Isai Scheinberg Sentenced to Time Served in “Black Friday” Judgment
3 years ago25 Sep
Isai Scheinberg, the co-founder of online poker giant PokerStars and the last of 11 “Black Friday” defendants to answer to allegations made by the United States Department of Justice, has been sentenced to time served after pleading guilty earlier this year.
Scheinberg, who holds dual Israeli and Canadian citizenship, received the sentence in a U.S. District Court for the Southern District of New York courtroom. Presiding District Judge Lewis A. Kaplan also fined Scheinberg $30,100 for his role in allowing US customers to play online on PokerStars prior to April of 2011.
Scheinberg and his wife appeared in person in the SDNY courtroom after spending several months at a private resort in northern California, under pre-trial conditions approved by the court. Prior to that, the Scheinbergs had stayed at a hotel in New York City, but had needed to be moved elsewhere due to a COVID-19 effectively closing that residential possibility.
Meanwhile, negotiations between SDNY attorneys and Scheinberg’s counsel continued for several months. Scheinberg voluntarily surrendered to US authorities in February, and agreed to plead guilty a month later. The crimes to which Scheinberg pled guilty, including the operation of an illegal gambling enterprise, calculated to a sentencing-guidelines term of 12 to 18 months.
However, prosecutors agreed with Scheinberg’s attorneys he deserved a more lenient sentence, due not only to his exemplary behavior while in custody, but because he also helped negotiate the asset buyout of a separate Black Friday-impacted site, Full Tilt Poker. That 2012 deal meant that tens of thousands of FTP players received full compensation from their frozen online bankrolls, despite the owners of Full Tilt effectively looting tens of millions of dollars from the site. The deal eventually provided refunds to impacted players of Absolute Poker and its sister site, UB.com (formerly UltimateBet), though that was not a part of the original agreement.
In a pre-sentencing submission, Scheinberg’s lead attorney, Paul Shechtman, noted that Full Tilt Poker CEO Ray Bitar previously received a time-served sentence and actually spent less than a week behind bars, despite the illicit behavior of several Full Tilt execs. Bitar infamously declared that he was dying of a heart condition in what proved to be a successful bid for leniency, though he reportedly remains hale and hearty several years after passing through the US justice system.

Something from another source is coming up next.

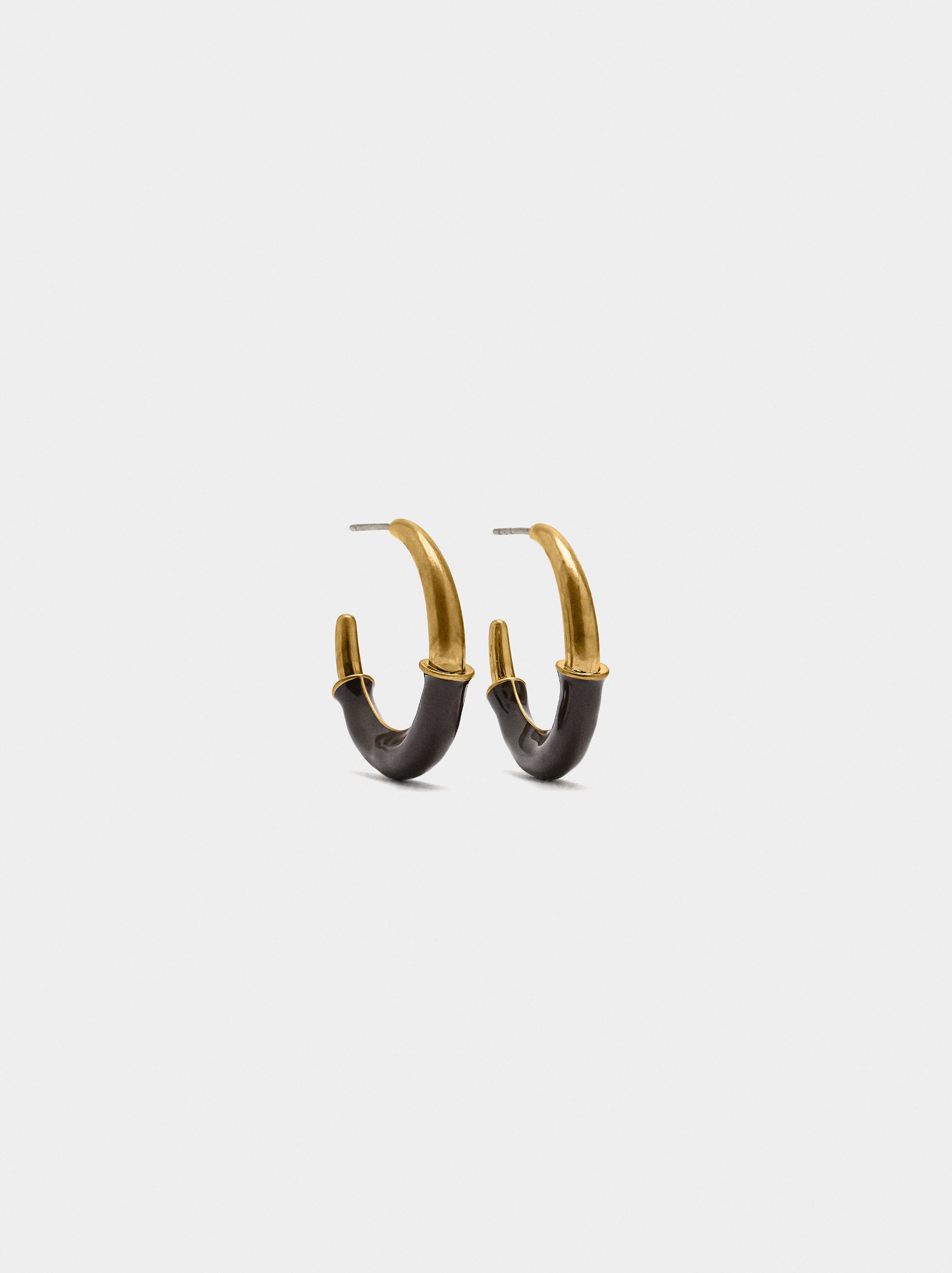 Open rings with enamel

According to a courtroom-news service, an unnamed assistant US attorney who was part of the prosecution team agreed with Scheinberg’s long-held assertion that online poker was never explicitly illegal under US law; however, the prosecutor noted that online poker was illegal under the laws of at least a handful of US states, including New York, where the SDNY holds sway.
Judge Kaplan, in accepting the terms of the plea deal, stated:
“I don't condone what you did but the world is made of fallible people. It was a big mistake but should not ruin what remains of your life.”
Kaplan also promised to assist Scheinberg in retrieving his passport, which Scheinberg willfully surrendered to US authorities when he surrendered in February. Scheinberg is also due the return of nearly $970,000, the remainder of the million-dollar surety bond he posted when he released on bail following his arraignment in February.